The Gambler's Fallacy of assuming the probability of the 10th toss being anything but exactly 50/50 is wrong (assuming the coin is fair).

However, since the probability should be 50/50, you are most likely to get 45 heads and 45 tails over the next 90 throws. So if the proportion of heads was 90% in the first 10 tosses, it will be ~54% over 100 tosses (including the ten before) — regression (moving closer) to the mean (here, 50%).

[Update:] Hadn't noticed it before, but @AndreNicholas got to it before me in the comments.

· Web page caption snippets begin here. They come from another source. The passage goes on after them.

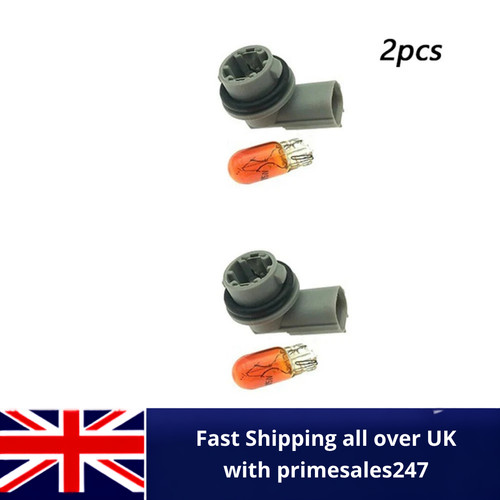 Gray side marker light lamp - 2x,
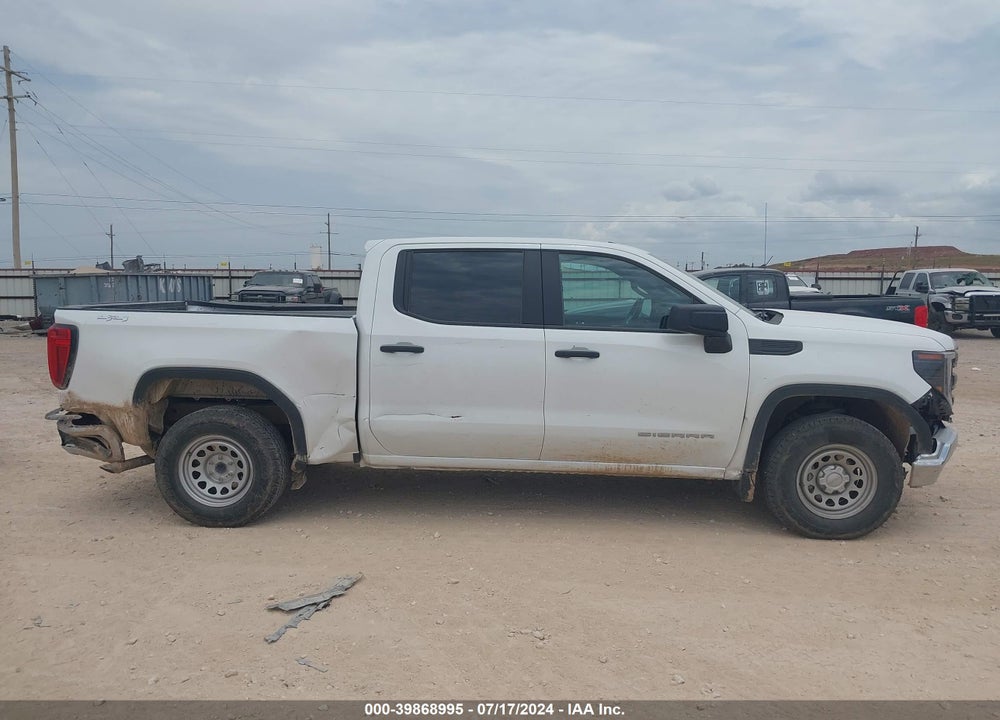 2024 GMC SIERRA 1500 PRO VIN: 1GTUUAED2RZ150627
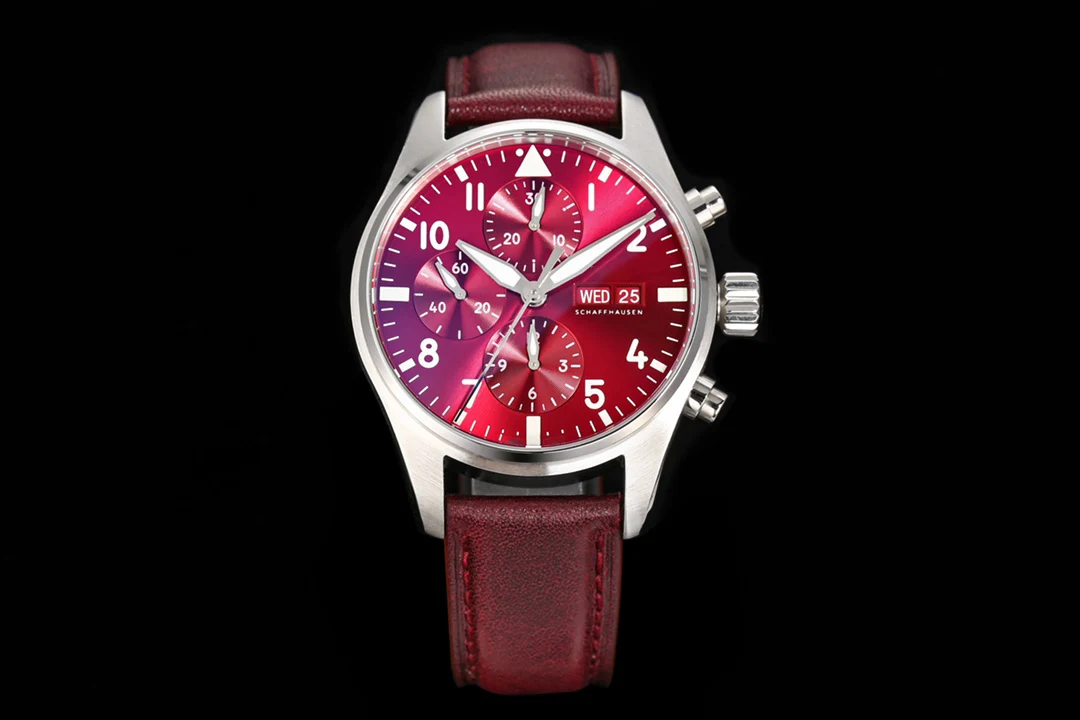 

41mm Top quality ZF factory OeinPilot Chronograph men's Watches with transparant back and Mechanical movement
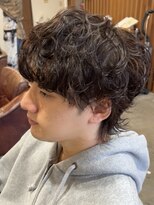 ヘアラボ シロ(Hair lab.Shiro) アイロンをしたような質感のマッシュウルフパーマ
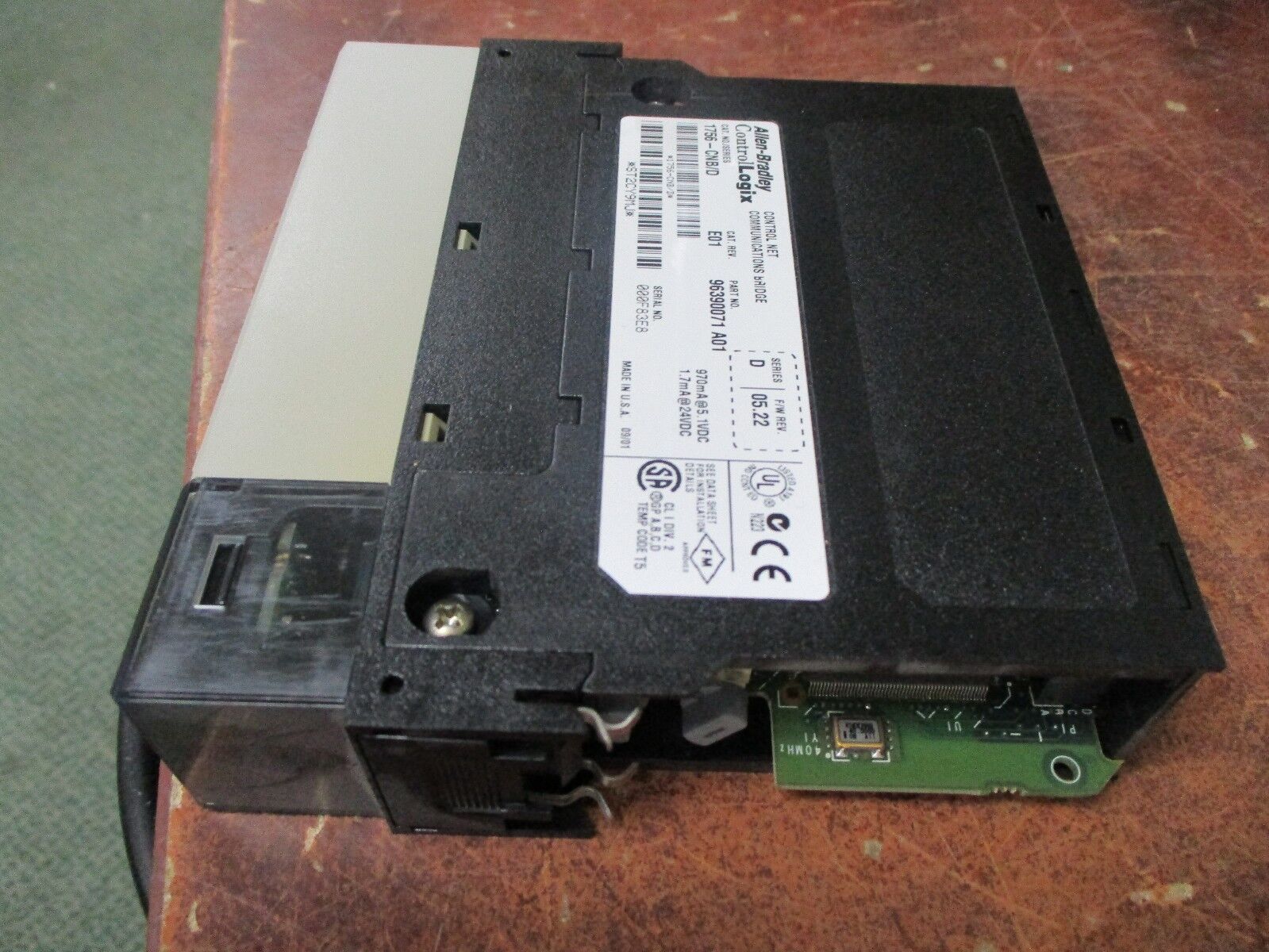 Allen-Bradley ControlLogix Control Net Comm. Bridge Module 1756-CNB/D Rev.E01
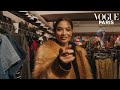 Shanina shaik relve le dfi shopping de crer 3 looks en 60 minutes  vogue paris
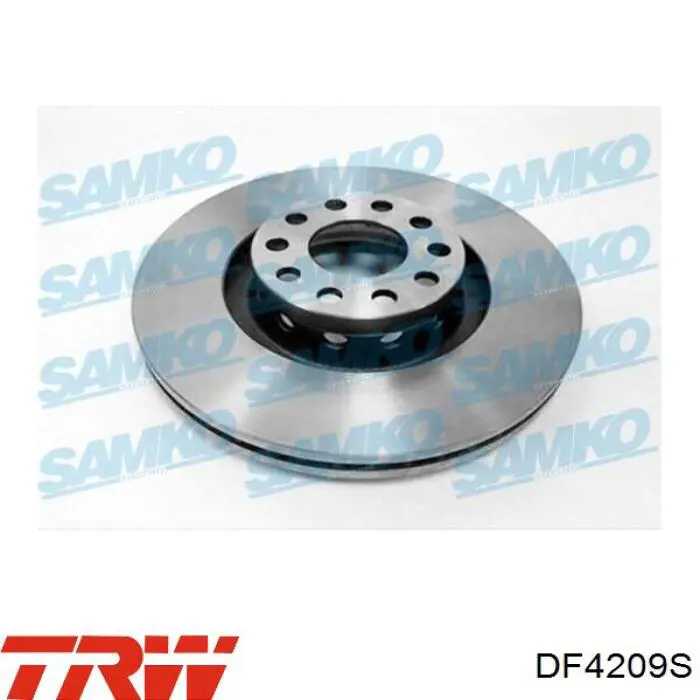 Comprar DF4209S TRW Freno de disco delantero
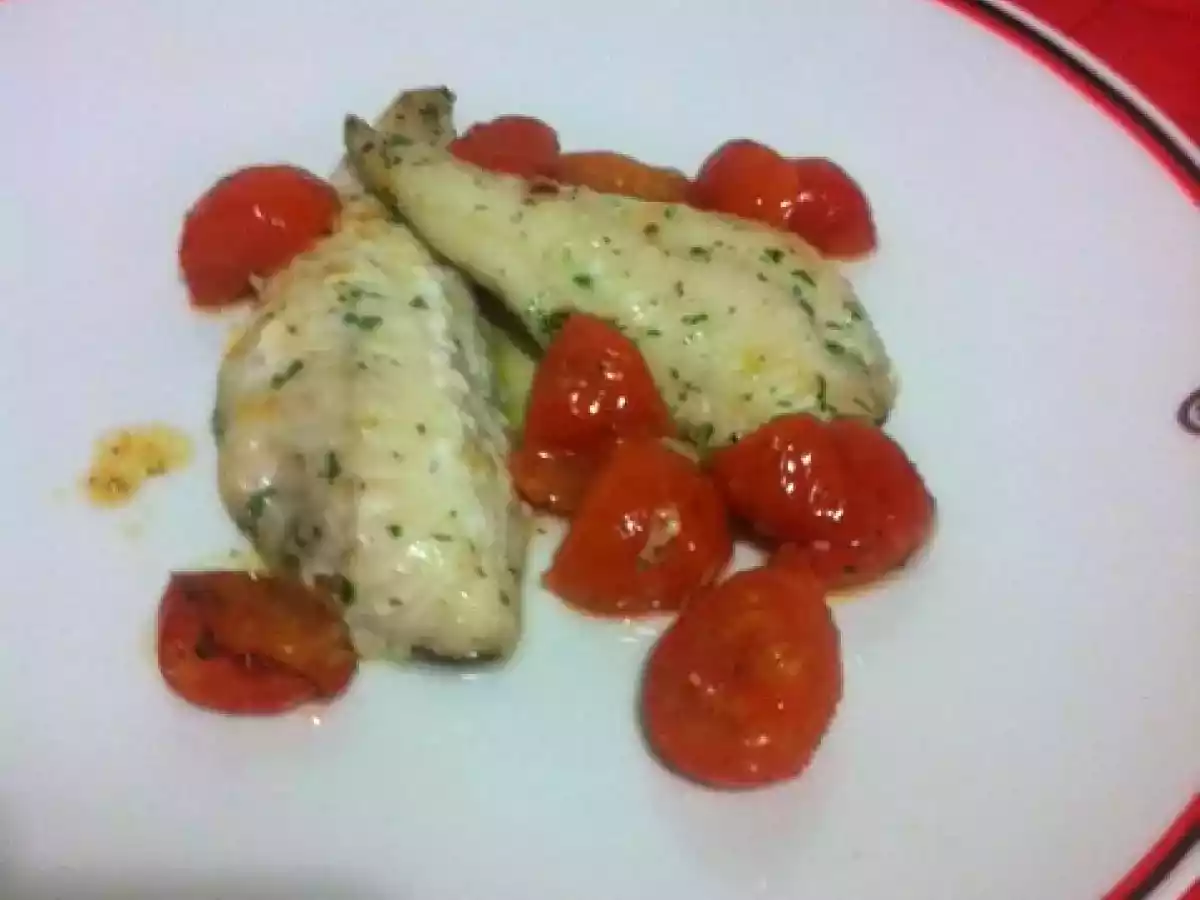 Filetti di gallinella al forno
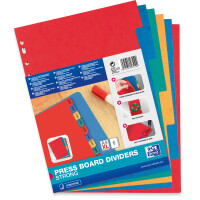 Oxford Karton-Register, blanko, DIN A4+, 6-teilig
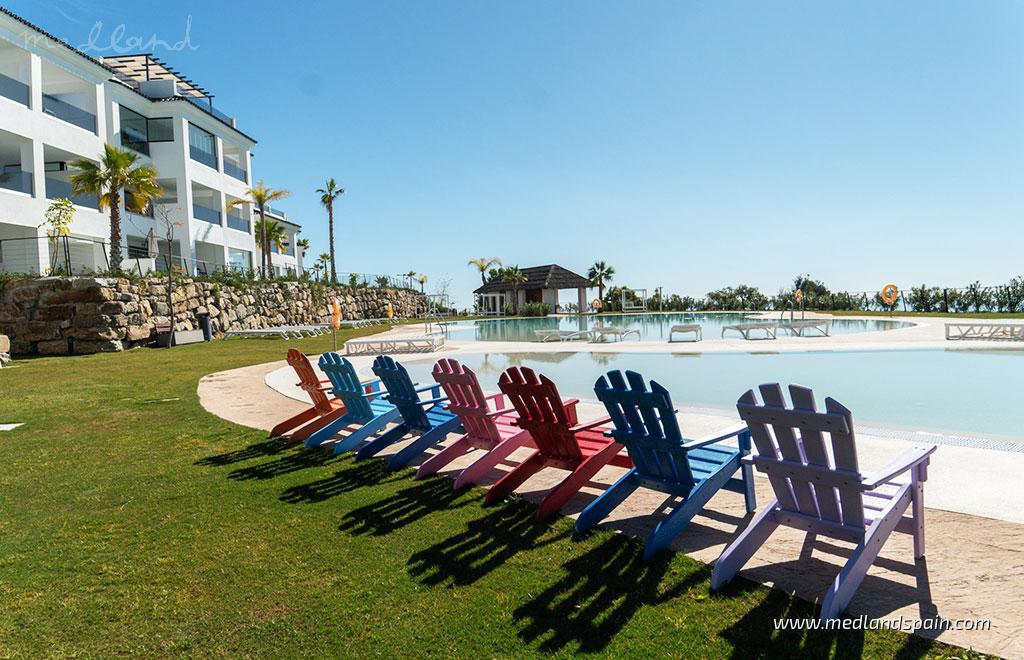 Appartamento a Estepona, Malaga, Spagna 4 camere da letto, 224 mq. N° 52971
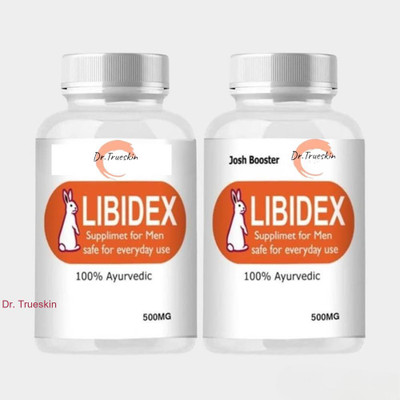Dr.TrueSkin Libidex Capsules - One Month Performance & Stamina Support 2PCS(Pack of 2, 30 Capsules)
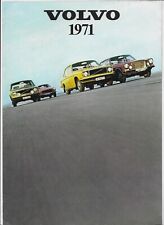1971 Volvo car brochure: Volvo 142, 144, 145, 164 & 1800 E 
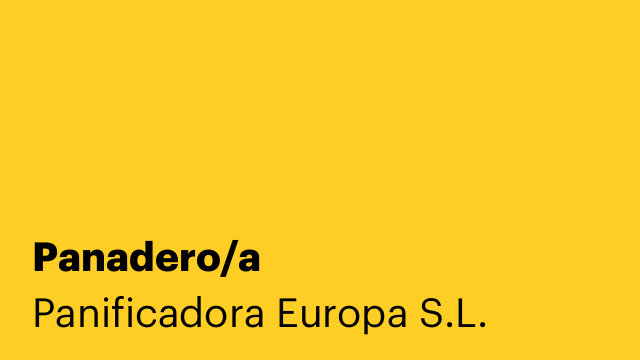 Panadero/a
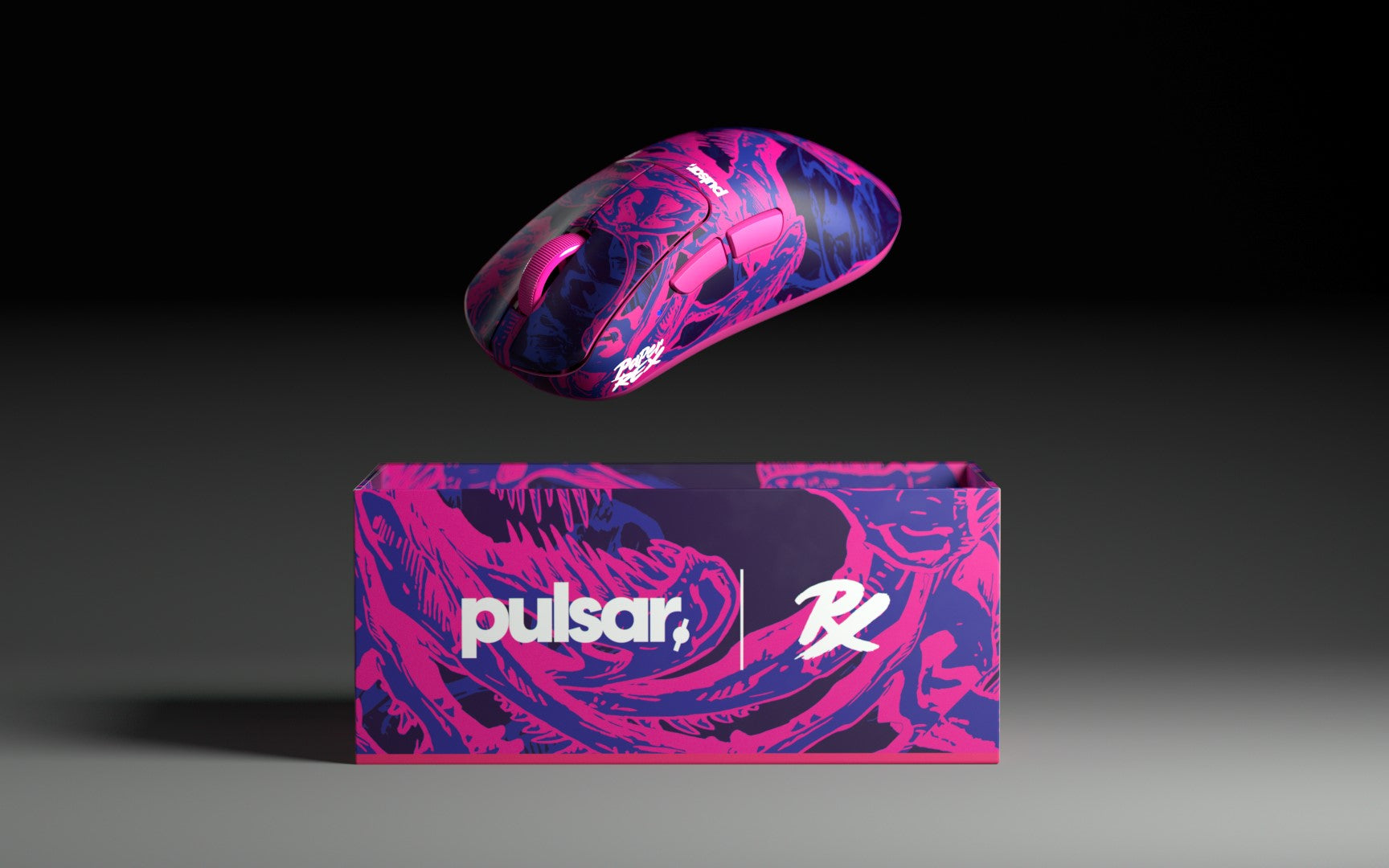Pulsar Xlite V4 Medium Wireless Gaming Mouse PRX Edition - 8K Dongle Included - Lightweight Ergonomic Design for FPS, MOBA, and Esports Gaming
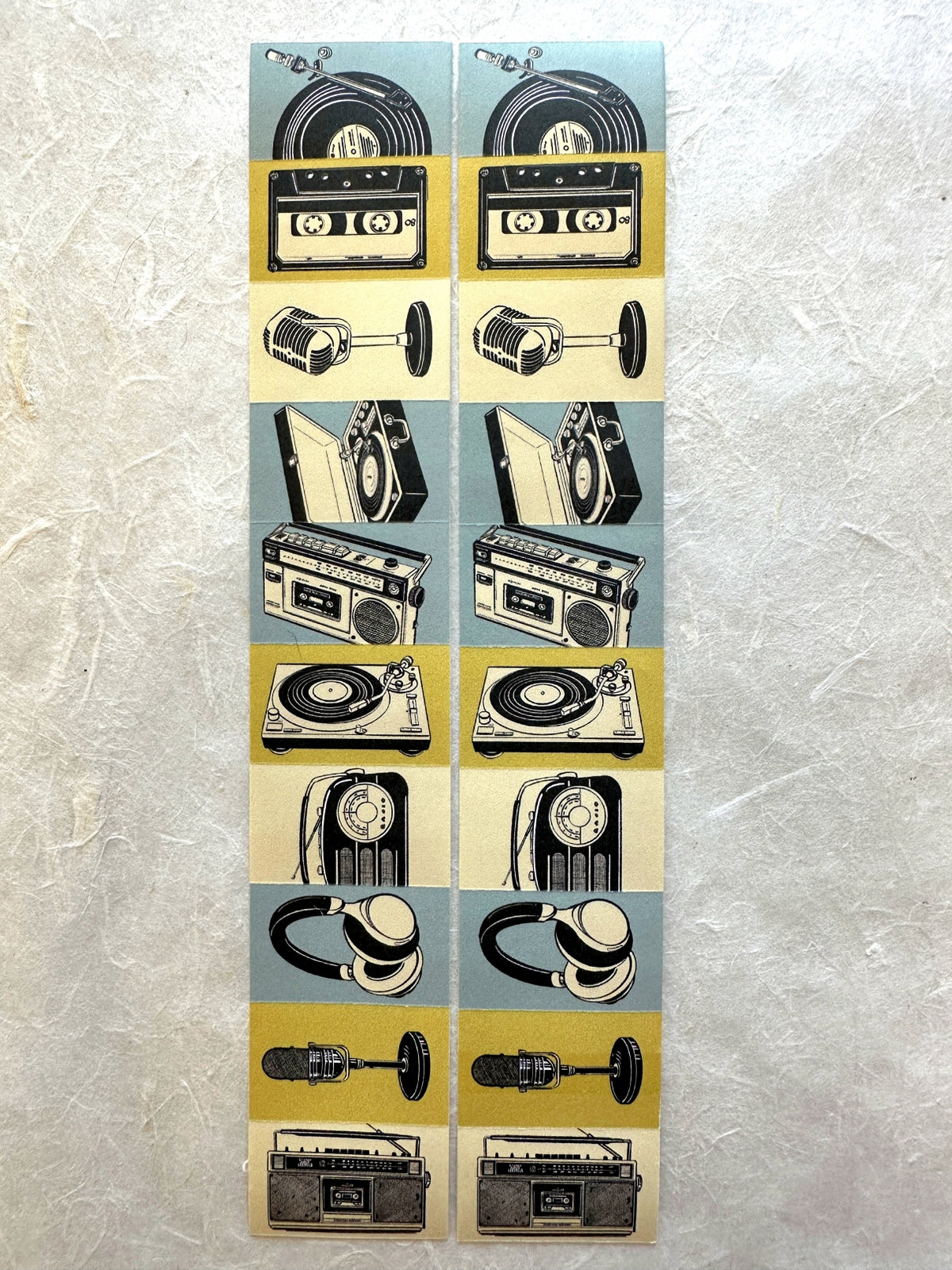 Lihaopaper - World Off, Music On label sticker roll SAMPLES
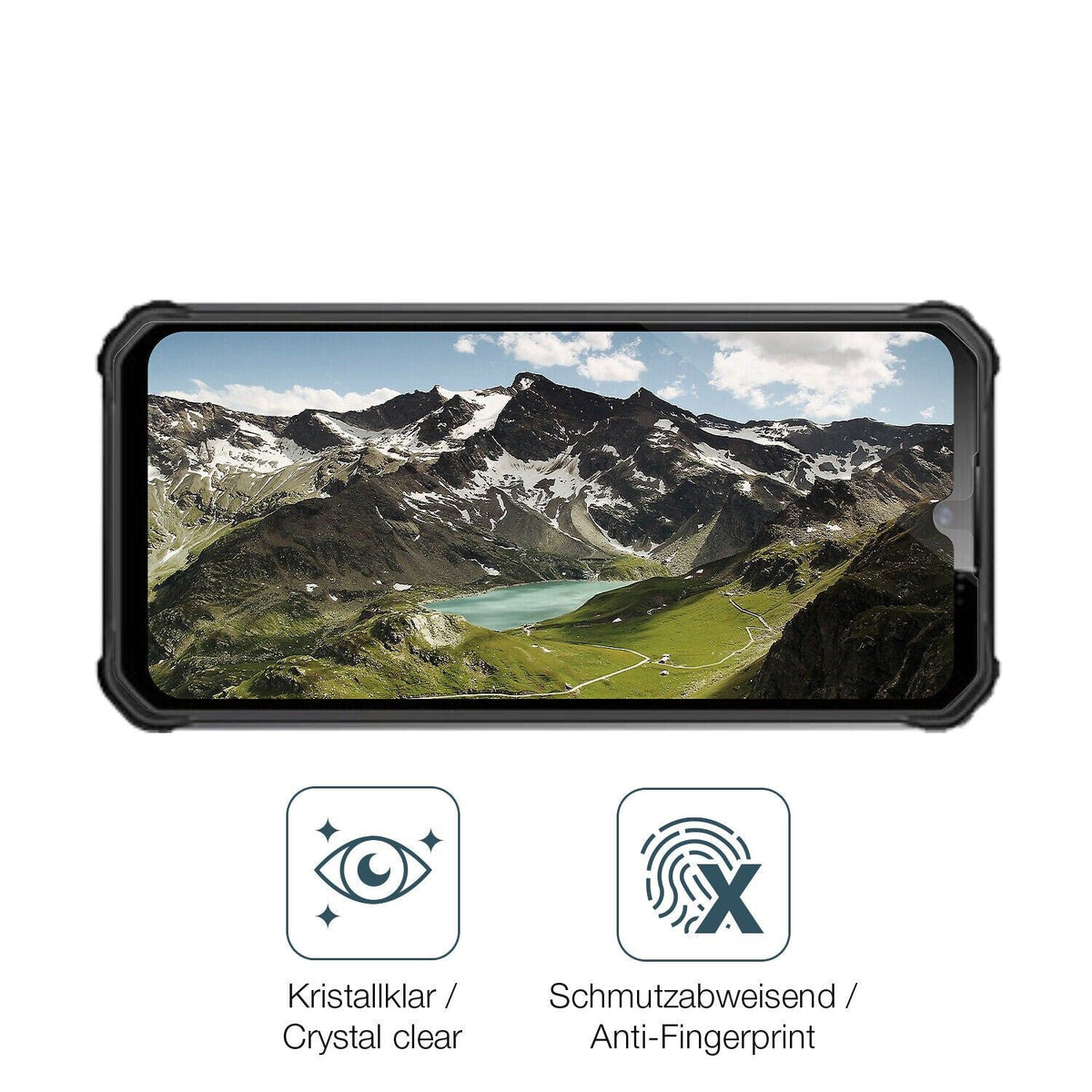 1x 9H Schutzfolie für Oukitel WP22 Panzerfolie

This is interesting because it shows how tricky the mind can be. I arrived at this web site after reading the book by Kahneman, "Thinking, Fast and Slow". I do not see contradiction between the gambler´s fallacy and regression towards the mean. According to the regression principle, the best prediction of the next measure of a random variable is the mean. This is precisely what is assumed when considering that each toss is an independent event; that is, the mean (0.5 probability) is the best prediction. This applies for the next event’s theoretical probability and there is no need for a next bunch of tosses. The reason we are inclined to think that after a “long” run of repeated outcomes the best prediction is other than the mean value of a random variable has to do with heuristics. According to Abelson's first law of statistics, "Chance is lumpy". I quote Abelson: "People generally fail to appreciate that occasional long runs of one or the other outcome are a natural feature of random sequences." Some studies have shown that persons are bad generators of random numbers. When asked to write down a series of chance outcomes, subjects tend to avoid long runs of either outcome. They write sequences that quickly alternate between outcomes. This is so because we expect random outcomes to be "representative" of the process that generates them (a problem related to heuristics). Therefore, assuming that the best prediction for a tenth toss in you example should be other than 0.5, is a consequence of what unconsciously (“fast thinking”) we want to be represented in our sample. Fool gamblers are bad samplers. Alfredo Hernandez


The Gambler's Fallacy is the incorrect belief that after a sequence of random events of one kind, the next event is more likely to be of an opposite or different kind. In the case of an equilibrium coin toss, odds of the next event are the same as the previous event, that is of equal chance. That is not inconsistent with our sense that things tend to even out over time as long as we appreciate that time is not defined as a single event but as a sequence.

A coin toss involves random chance the result of which cannot be determined but only described probabilistically as 50/50 per event and as something tending toward a mean of 50/50 in an indefinite sequence of such events.